** Supplied records follows **
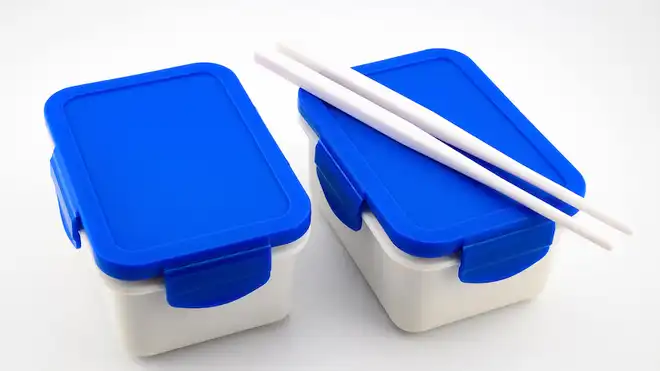 5 Resep Snack Bekal Anak Sekolah yang Mudah Dibuat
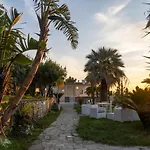 Villa Azzurra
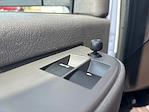 Used 2022 GMC Savana 2500 Cargo RWD, Empty Cargo Van for sale #15348 - photo 10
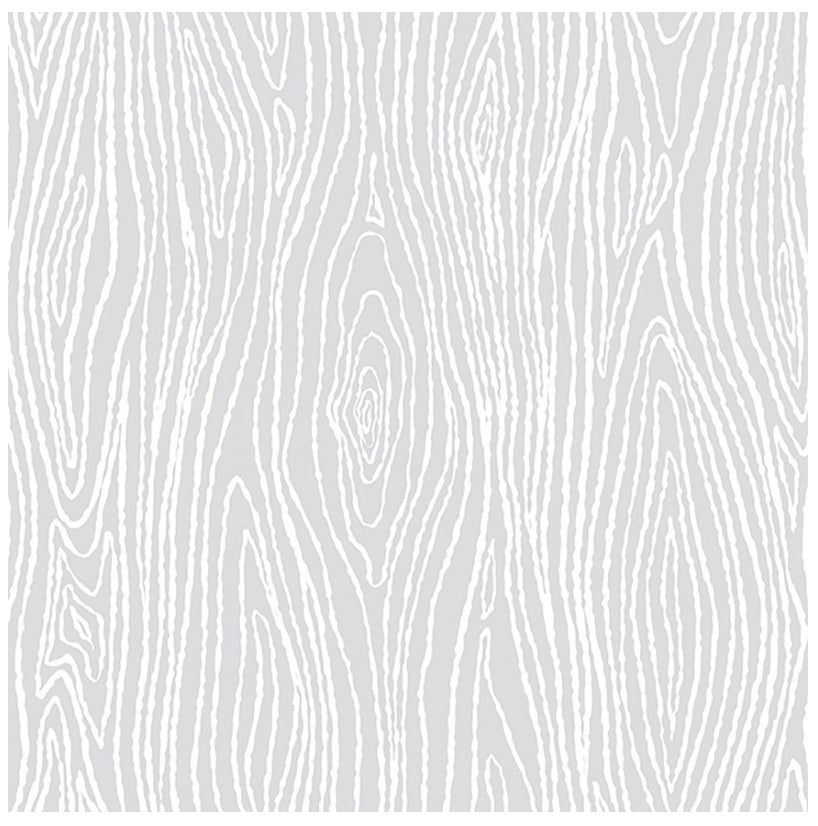 buy shelf & drawer liners at cheap rate in bulk. wholesale & retail home decor supplies store.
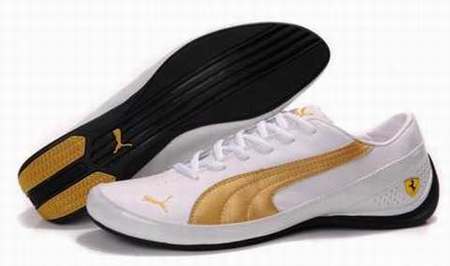 boxer puma femme pas cher boxer puma femme pas cher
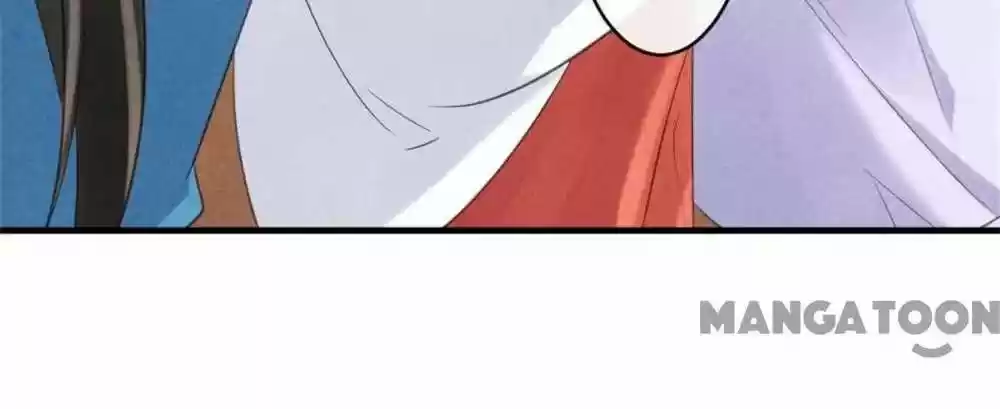 Princess Tomboy & Prince Grumpy Chapter 75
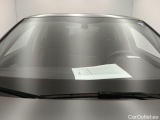  Audi  Q2 Audi  1.5 35 TFSI 110kW S tronic S Line B. Ed. 5d #17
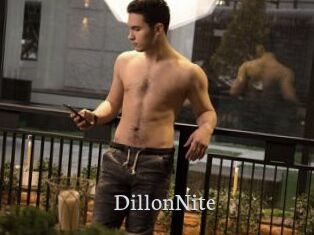 DillonNite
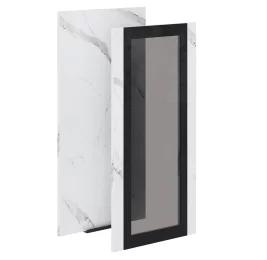 Кухонный гарнитур Брауни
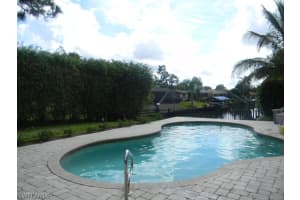 27001 Driftwood Dr, Bonita Springs, FL 34135, Sold 02/12/16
** End of Supplied records **
Your reply should restate every entry exactly, with the pictures left out.

■ **Response box**:
 5 Resep Snack Bekal Anak Sekolah yang Mudah Dibuat
 Villa Azzurra
 Used 2022 GMC Savana 2500 Cargo RWD, Empty Cargo Van for sale #15348 - photo 10
 buy shelf & drawer liners at cheap rate in bulk. wholesale & retail home decor supplies store.
 boxer puma femme pas cher boxer puma femme pas cher
 Princess Tomboy & Prince Grumpy Chapter 75
  Audi  Q2 Audi  1.5 35 TFSI 110kW S tronic S Line B. Ed. 5d #17
 DillonNite
 Кухонный гарнитур Брауни
 27001 Driftwood Dr, Bonita Springs, FL 34135, Sold 02/12/16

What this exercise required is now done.